This delightful piece for 3- to 6-year-olds is wonderful in its simplicity and will captivate grown-ups as much as its target audience.
In the Polka’s play space outside the Adventure Theatre where the play takes place, a mural of a wintry landscape of snow and fir trees shows what’s in store. Designer Verity Quinn’s set presents a wooden cabin with a window that reveals a forest of silhouetted trees against the sky.
Three performers enter wrapped up for winter weather in boots and scarves and woolly hats—we’re somewhere cold and northern: Canada perhaps or Scandinavia.
A lady is first. She’s got a bucket and a broom and starts to sweep the floor clean. Two young men carry in furniture. They must be moving in. It’s all stuff for a baby: cot, high chair, a nappy-changing table and a clock to go up on the wall. When it’s all in place, one of the actors turns to the audience and suggests “Imagine we have a baby”—and they then begin to mime one.
That’s the only spoken line until a lullaby much later, but there is a continuous, silent dialogue of looks between them and glances out to the audience that include them.
There is lively music composed by sound designer Jessica Dannheisser. The recorded track is enhanced by live musicianship when actor John Pfumojena, whose smile alone would win the audience over, takes down the wall clock to play on the mbira (African thumb piano) hidden inside it.
His colleagues are Sian Kidd, who also voices the baby, whose wails eventually turn into words as he masters language, and John Leader, who’s adept at rapid nappy changes and shows of well-honed balance skills. All three are engaging actors, skilled in mime and puppetry and meticulous timing, who work in perfect harmony.
Those puppetry skills are needed for, when their mimed baby is put to bed and then dawn comes with its wake-up birdsong chorus, it is taken from its cot as puppet: a knitted romper suit with stylised baby face that the actor-puppeteers make wonderfully expressive.
They all take turns at silencing his mewling, discover dampness, stinky nappies (the audience especially seems to love the poo bits), spoon feeding, bedtime tantrums, those first steps, a refusal to go on wearing nappies, gradually words, first one or two and then a gabble.
Baby turns into tot and furniture is reconstructed to match his development and provide props to play new games—even a xylophone to add more colour to the music.

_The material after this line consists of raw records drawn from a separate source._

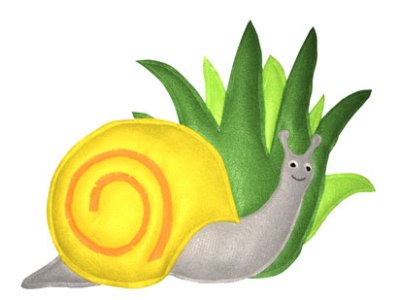 Caracol Nacional
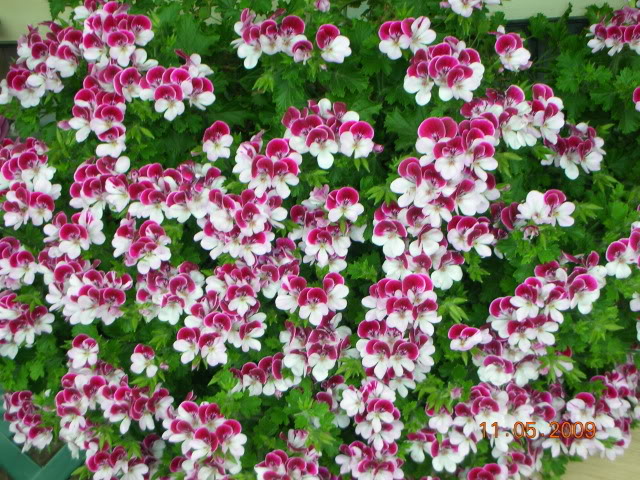 DSCN1703.jpg
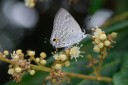 Filename=070429_wkt_33.jpg
Filesize=428KiB
Dimensions=1920x1280
Date added=Dec 31, 2011 070429_wkt_33.jpg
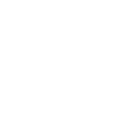 SSL Protection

With the help of some bed sheets, the grown-ups turn things into a winter landscape on which to arrange toy trees and houses and when what was a high chair turns out to be a sledge, it's time to exit to outdoors.
The lights go down; you might think this was the end—but no, they go up again and it's outside. There are trees now in front of the house. It is time to go tobogganing as the snow begins to fall.

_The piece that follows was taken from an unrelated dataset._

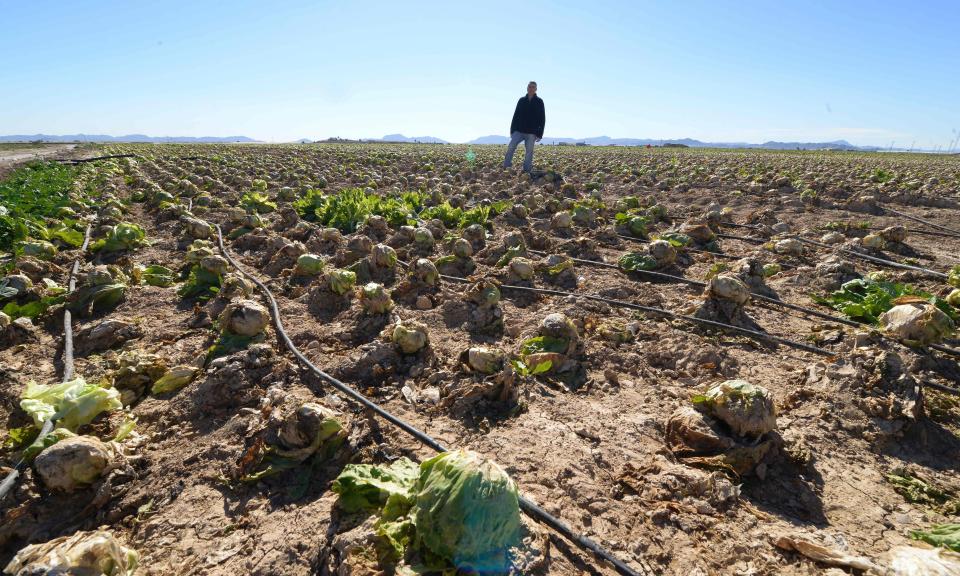  Iceberg lettuces take 10-11 weeks to grow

The vocal reactions of audience members at various points show how completely Beasty Baby absorbs them right through nearly an hour of performance. Typical of how beautifully director Sue Buckmaster and her cast attune this to their young audience is demonstrated in the way that, after the enthusiastic clapping that greets their final call, John Leader turns not to the audience but to the Beasty Baby and says, “that all. We go home now.“
He may throw food about, sick up over your favourite sweater and bawl at bedtime but this baby is irresistibly endearing and, though too good to be true, these actors make you feel it is a real one.